====== DATA EXCERPTS ======
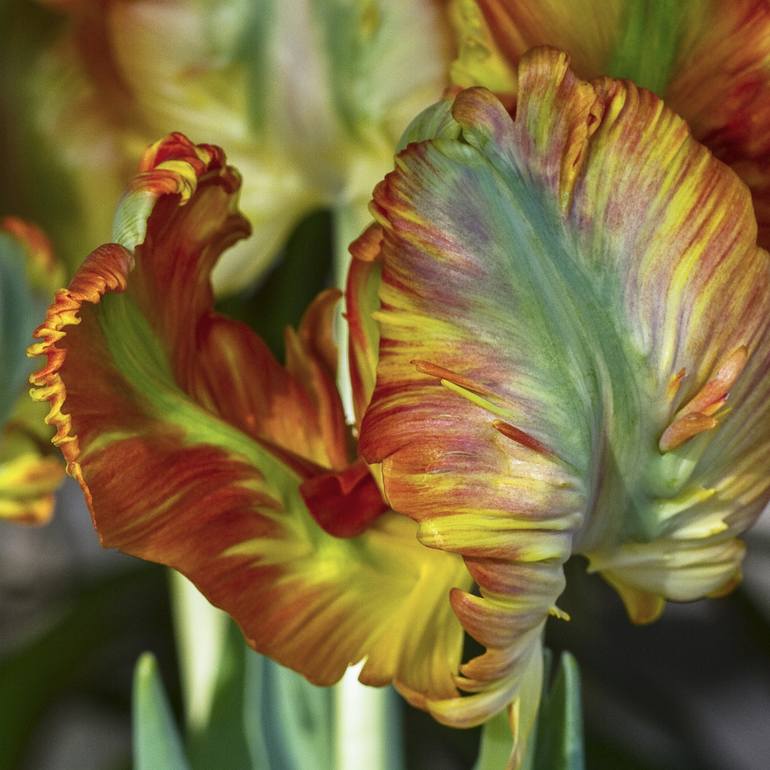 Parrot Tulips #3 - Limited Edition of 10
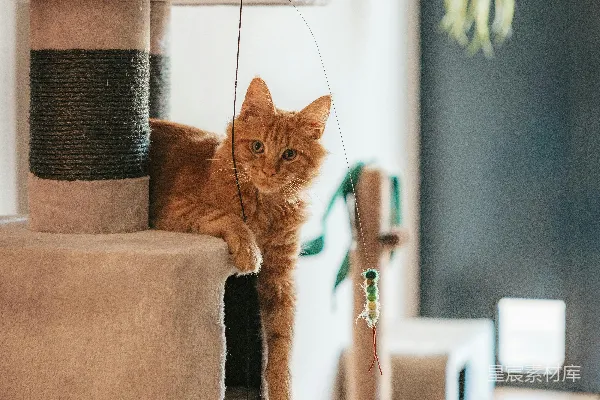 高清摄影 一只橙色的猫躺在多层猫爬架上休息。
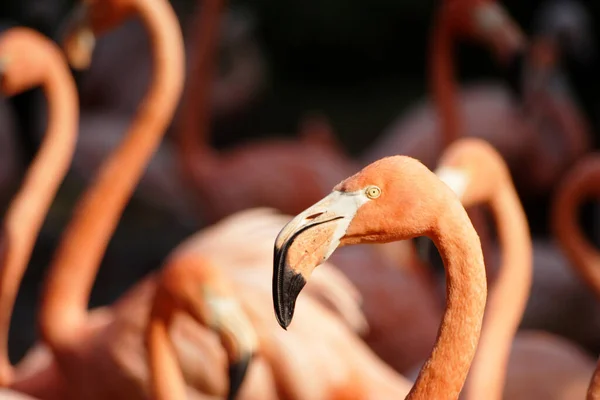 フラミンゴの目には — ストック写真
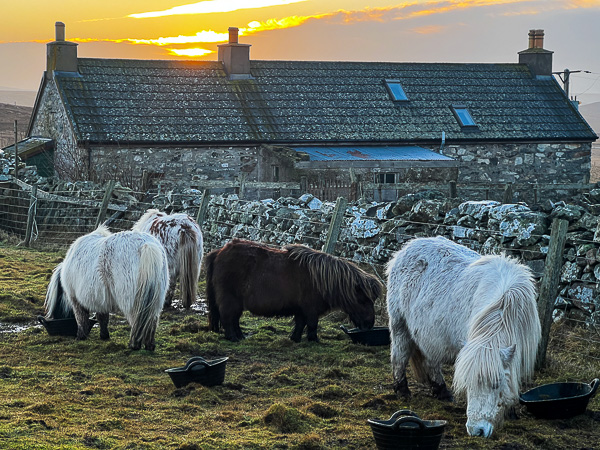 Tails, Worming and Floof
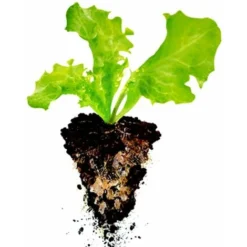 Hydro-rétenteur D'eau Fertilisant Polyter Bidon 250 G -Promos Jardin Noble Magasin 28731339 4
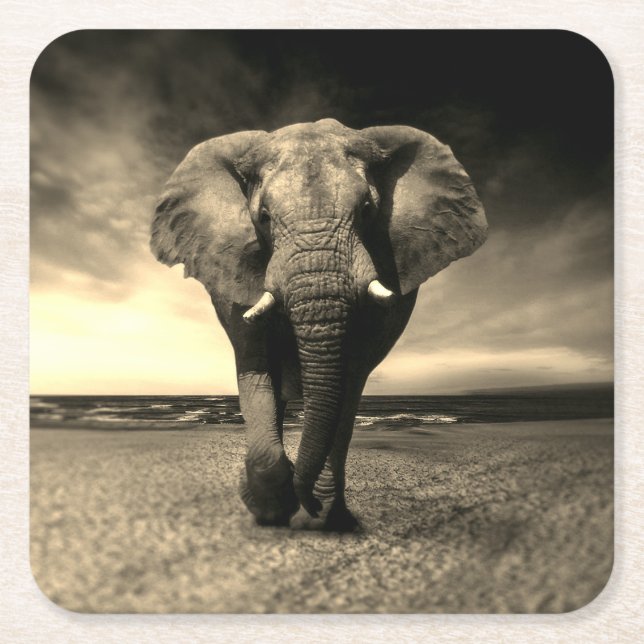 Majestic Vild Bull Elephant i Sepia Underlägg Papper Kvadrat (Framsidan)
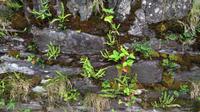 Ring of Beara &ndash; &copy; Petra Sauer (Eberhardt TRAVEL)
======
WHAT THE TASK ASKS. Copy out all the data exactly. The images should not appear in the copy.

OUTPUT FOR THIS TASK.
 Parrot Tulips #3 - Limited Edition of 10
 高清摄影 一只橙色的猫躺在多层猫爬架上休息。
 フラミンゴの目には — ストック写真
 Tails, Worming and Floof
 Hydro-rétenteur D'eau Fertilisant Polyter Bidon 250 G -Promos Jardin Noble Magasin 28731339 4
 Majestic Vild Bull Elephant i Sepia Underlägg Papper Kvadrat (Framsidan)
 Ring of Beara &ndash; &copy; Petra Sauer (Eberhardt TRAVEL)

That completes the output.